Когда постепенно начинает покидать храм вторая смена, женщина из добровольцев встает в сторонке передохнуть минутку.
- Устали?
- Больше морально. Первое время было особенно тяжело, особенно тот момент, когда начинают тянуть руки за едой. Сейчас привыкла немного, но все равно.
- Давно помогаете?
- Около года, наверное.
- А слышали, что в центре Москвы хотят запретить кормления?
- Да! Вы представьте, как это ужасно! Куда толкают этих людей? Голодать? Воровать? За нас надо биться!
Однако чиновникам привычнее биться против чего-то. Коррупции там, или вот бомжей, например. Мэр Читы так вообще в этом году посетовал: «К сожалению, мы не имеем лицензии на отстрел бомжей». Потом, конечно, сказал, что пошутил. Московские же власти подходят к проблеме с точки зрения права и справедливости. Например, законопроекты об ограничении бродяжничества, по мнению департамента соцзащиты, не противоречит никаким конвенциям о правах человека. На самом деле, справедливости ради надо сказать, что власти готовят и проекты ресоциализации таких элементов, поддержки их, просто в центре города должно быть чисто и благолепно. Говорят, что сам Собянин увидел бомжей, толкущихся около храма, и велел прогнать и запретить. Представители московской власти уже сообщили, что лавочку нужно прикрывать. А вот в церкви не поймут, что от этого изменится.

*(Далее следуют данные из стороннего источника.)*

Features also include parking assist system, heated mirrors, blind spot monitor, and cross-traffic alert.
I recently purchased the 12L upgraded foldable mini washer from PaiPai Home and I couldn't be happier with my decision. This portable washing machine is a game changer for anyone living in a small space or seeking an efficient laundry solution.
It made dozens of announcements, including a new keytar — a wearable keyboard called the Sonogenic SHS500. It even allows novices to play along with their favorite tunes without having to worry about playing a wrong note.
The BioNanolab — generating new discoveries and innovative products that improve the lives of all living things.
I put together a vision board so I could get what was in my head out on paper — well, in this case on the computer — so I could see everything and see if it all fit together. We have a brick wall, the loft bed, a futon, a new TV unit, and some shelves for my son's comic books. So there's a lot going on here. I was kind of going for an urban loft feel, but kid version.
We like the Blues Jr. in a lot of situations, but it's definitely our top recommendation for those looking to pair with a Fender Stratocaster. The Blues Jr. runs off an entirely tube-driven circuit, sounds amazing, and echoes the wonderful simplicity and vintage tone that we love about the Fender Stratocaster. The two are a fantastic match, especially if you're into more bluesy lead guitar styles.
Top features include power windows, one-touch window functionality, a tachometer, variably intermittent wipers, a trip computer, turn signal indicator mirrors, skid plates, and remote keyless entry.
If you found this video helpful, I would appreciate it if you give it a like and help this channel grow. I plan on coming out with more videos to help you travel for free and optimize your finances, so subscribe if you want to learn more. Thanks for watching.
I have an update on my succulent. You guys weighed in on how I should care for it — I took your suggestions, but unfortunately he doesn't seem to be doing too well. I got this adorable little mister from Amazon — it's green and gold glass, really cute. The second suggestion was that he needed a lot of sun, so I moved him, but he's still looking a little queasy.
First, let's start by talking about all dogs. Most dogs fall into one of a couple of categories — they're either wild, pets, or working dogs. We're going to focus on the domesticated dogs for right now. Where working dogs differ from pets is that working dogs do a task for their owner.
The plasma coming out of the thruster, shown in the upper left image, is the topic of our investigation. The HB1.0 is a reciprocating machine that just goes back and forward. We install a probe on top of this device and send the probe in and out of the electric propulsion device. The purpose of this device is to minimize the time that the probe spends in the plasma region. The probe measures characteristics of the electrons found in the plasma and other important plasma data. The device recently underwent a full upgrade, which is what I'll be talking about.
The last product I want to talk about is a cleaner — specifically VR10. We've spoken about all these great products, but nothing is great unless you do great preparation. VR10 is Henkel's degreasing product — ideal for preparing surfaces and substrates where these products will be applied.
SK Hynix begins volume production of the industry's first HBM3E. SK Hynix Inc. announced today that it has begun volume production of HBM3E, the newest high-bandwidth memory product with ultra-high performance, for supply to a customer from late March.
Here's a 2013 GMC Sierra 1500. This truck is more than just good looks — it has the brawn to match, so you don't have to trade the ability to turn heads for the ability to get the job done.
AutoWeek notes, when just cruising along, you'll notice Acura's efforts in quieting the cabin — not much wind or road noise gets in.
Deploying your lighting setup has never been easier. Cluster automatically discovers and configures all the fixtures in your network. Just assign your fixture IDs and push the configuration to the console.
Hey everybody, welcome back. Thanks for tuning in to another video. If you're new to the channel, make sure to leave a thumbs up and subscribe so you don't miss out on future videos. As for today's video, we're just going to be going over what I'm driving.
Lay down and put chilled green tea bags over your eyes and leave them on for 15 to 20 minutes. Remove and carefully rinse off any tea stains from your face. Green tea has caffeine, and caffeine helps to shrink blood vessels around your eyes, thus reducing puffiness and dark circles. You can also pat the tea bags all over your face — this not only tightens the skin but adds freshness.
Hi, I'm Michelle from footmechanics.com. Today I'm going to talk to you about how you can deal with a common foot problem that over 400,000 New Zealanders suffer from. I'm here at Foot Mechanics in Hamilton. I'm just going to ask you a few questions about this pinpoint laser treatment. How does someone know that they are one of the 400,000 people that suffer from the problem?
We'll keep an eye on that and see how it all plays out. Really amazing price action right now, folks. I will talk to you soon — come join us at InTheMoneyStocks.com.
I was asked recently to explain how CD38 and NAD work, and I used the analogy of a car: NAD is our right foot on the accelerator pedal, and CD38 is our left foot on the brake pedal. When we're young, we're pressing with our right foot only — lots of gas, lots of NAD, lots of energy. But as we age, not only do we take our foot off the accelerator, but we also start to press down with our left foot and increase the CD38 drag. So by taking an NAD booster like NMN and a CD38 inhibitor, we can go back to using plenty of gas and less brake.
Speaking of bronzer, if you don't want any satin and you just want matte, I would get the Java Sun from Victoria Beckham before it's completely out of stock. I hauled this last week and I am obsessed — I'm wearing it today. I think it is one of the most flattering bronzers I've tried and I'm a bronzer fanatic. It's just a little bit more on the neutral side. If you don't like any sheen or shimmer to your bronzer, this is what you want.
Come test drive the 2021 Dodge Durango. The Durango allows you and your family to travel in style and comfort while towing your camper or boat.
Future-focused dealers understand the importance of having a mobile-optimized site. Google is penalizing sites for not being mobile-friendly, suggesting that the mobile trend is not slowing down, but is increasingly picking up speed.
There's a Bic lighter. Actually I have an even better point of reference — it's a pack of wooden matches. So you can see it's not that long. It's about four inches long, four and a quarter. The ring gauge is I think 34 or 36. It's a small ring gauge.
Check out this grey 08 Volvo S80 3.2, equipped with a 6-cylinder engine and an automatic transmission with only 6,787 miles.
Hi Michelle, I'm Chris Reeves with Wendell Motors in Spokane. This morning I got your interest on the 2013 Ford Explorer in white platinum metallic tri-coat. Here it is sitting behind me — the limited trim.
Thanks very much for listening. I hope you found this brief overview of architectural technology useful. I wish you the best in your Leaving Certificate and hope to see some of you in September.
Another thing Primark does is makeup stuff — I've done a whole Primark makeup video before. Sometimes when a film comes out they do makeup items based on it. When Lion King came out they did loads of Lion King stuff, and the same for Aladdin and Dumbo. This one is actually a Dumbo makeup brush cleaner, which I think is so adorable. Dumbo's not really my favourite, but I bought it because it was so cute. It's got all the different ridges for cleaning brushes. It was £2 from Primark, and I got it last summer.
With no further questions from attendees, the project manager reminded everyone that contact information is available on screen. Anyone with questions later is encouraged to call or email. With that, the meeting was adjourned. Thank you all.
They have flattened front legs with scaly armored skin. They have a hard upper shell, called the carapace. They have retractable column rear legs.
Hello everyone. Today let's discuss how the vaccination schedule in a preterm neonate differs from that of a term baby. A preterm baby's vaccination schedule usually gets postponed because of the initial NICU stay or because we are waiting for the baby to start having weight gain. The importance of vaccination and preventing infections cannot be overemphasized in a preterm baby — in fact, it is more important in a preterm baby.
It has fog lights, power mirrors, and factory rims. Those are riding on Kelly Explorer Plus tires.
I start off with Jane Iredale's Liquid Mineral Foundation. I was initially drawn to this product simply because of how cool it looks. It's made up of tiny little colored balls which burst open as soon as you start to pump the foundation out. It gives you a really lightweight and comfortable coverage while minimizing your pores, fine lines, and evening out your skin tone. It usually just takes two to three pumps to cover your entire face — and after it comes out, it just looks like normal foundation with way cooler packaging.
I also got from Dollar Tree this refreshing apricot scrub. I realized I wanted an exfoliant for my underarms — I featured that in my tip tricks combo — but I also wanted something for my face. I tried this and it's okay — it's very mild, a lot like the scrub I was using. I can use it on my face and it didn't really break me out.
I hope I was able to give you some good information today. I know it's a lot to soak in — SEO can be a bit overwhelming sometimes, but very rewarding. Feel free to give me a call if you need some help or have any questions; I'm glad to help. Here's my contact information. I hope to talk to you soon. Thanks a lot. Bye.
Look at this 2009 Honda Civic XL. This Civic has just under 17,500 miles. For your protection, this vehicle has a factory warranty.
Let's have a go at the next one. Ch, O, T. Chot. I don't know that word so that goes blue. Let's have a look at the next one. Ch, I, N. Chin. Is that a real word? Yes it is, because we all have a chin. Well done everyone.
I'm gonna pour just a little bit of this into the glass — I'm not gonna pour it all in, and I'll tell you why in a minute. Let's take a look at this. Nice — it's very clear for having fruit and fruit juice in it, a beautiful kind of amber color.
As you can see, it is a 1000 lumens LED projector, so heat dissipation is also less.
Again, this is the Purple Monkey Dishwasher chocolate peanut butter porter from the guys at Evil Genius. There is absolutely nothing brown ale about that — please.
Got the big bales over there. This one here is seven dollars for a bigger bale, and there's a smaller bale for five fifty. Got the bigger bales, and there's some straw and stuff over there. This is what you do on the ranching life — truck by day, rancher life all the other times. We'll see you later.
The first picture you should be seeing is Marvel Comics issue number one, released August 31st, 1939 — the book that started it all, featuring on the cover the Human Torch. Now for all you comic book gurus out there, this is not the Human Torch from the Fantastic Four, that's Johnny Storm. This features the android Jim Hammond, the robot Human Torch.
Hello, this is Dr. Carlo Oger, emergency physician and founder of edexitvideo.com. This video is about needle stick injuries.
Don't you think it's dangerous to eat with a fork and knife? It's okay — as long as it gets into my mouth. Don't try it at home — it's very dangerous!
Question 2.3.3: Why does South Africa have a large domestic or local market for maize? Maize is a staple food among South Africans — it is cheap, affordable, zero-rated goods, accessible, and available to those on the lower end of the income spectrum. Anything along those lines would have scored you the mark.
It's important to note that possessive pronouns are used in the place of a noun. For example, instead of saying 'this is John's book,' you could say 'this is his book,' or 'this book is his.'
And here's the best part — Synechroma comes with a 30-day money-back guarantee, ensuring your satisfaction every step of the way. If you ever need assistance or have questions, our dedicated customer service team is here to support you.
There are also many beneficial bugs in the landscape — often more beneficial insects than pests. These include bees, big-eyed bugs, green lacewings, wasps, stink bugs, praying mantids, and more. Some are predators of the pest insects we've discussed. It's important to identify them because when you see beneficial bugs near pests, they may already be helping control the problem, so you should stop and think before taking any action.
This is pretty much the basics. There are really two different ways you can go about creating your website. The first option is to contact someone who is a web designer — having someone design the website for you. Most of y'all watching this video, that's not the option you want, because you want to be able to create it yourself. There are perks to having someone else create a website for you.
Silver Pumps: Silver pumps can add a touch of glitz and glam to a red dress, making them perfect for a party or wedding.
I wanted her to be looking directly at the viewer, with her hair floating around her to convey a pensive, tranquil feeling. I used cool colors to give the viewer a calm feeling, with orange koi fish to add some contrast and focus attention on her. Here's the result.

- Допустим, если нам выделят помещение на окраинах города, то и туда будут приезжать обедать. — Рассуждают волонтеры. — Но общественным ведь транспортом, а из метро их гоняют! И все равно они не уйдут из центра, потому что тут милостыни больше. А вот горячей еды и лекарств тут больше не получат.
Пока бездомных продолжают кормить. Прохожие то морщатся при их виде, а то и интересуются, чем можно помочь. Сами бродяги говорят, что хотели бы и дальше приходить в Храм Космы и Дамиана, тут и еда и «отношение человеческое». Принудят ли кормильцев разогнать голодных или оставят все, как есть — пока неясно. И что изменится от этого запрета — тоже. Чем-то похожа позиция властей на поведение ребенка, сжигающего дневник в мусорке за школой. Вроде бы избавился от него, и оценок плохих больше нет. А двоечки-то вот они — в классном журнале.